I finally got around to Nick Carr’s Social Software in Perspective post; he’s always good for a couple of nuggets:
“Social software,” writes Phil Edwards today, “looks like very big news indeed from some perspectives, but when it’s held to the standard of actually helping people get stuff done, it fades into insignificance.[...] [S]ocial software begins to look like a Tardis in reverse: much, much bigger on the outside than it is on the inside.”
The crowd may enjoy the product of other people’s inputs, but for the rather small group of individuals actually doing the work, it demands the investment of a lot of time for very little personal gain. It’s a fun diversion for a while – and then it turns into drudgery.
Greg Linden, who should know, adds that
People are lazy, appropriately so. If you ask them to do work, most of them won’t do it. From their point of view, you’re only of value to them if you save them time.
Ryan is right, most folks outside the teenage demographic don’t have time to spend actively seeking out new social networking tools. Instead, if we did hear about it we would probably find out by someone else telling us or by somehow inviting us to participate…If we look at the history of software, we see that it trends toward modeling human behavior (as I’ve mentioned before)…I quoted Wil Wright recently, and I think he’s (pardon the pun) right on. First thought of as super calculators, computers are now part of the social fabric of our lives.
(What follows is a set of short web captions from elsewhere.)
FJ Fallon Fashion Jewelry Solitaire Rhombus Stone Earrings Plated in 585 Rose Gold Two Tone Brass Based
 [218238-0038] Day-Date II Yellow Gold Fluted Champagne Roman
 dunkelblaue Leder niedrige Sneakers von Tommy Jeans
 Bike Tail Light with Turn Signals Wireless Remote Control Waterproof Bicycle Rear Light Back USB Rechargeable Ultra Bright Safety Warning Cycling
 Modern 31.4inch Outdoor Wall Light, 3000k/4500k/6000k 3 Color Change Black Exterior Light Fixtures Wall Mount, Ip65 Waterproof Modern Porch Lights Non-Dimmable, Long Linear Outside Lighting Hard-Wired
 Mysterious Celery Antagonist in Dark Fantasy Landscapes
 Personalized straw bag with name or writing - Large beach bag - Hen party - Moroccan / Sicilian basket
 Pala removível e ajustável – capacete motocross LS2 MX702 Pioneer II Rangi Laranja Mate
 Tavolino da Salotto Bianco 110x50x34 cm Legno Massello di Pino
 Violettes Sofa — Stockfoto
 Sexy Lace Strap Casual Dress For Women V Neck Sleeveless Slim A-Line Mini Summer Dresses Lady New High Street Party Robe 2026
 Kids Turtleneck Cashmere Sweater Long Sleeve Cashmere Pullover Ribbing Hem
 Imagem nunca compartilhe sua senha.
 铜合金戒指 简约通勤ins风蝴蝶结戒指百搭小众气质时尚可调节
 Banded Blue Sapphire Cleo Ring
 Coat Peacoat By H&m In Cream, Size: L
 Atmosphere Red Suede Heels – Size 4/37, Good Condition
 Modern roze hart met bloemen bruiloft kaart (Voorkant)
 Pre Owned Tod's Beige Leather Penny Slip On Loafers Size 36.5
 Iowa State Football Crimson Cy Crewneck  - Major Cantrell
They are becoming integral to how we communicate with our family, friends, and colleagues. They’re still doing calculations of course, but the software that we’ve designed for them is all about human-to-human contact. Social contact. And since we’re social animals in the end, the trend of modeling this in software won’t be reversing any time soon.
I’m reminded of Eszter Hargittai’s research showing a low degree of awareness of web 2.0 tools by college students. (She presented some of her findings the Beyond Broadcast conference earlier this year.)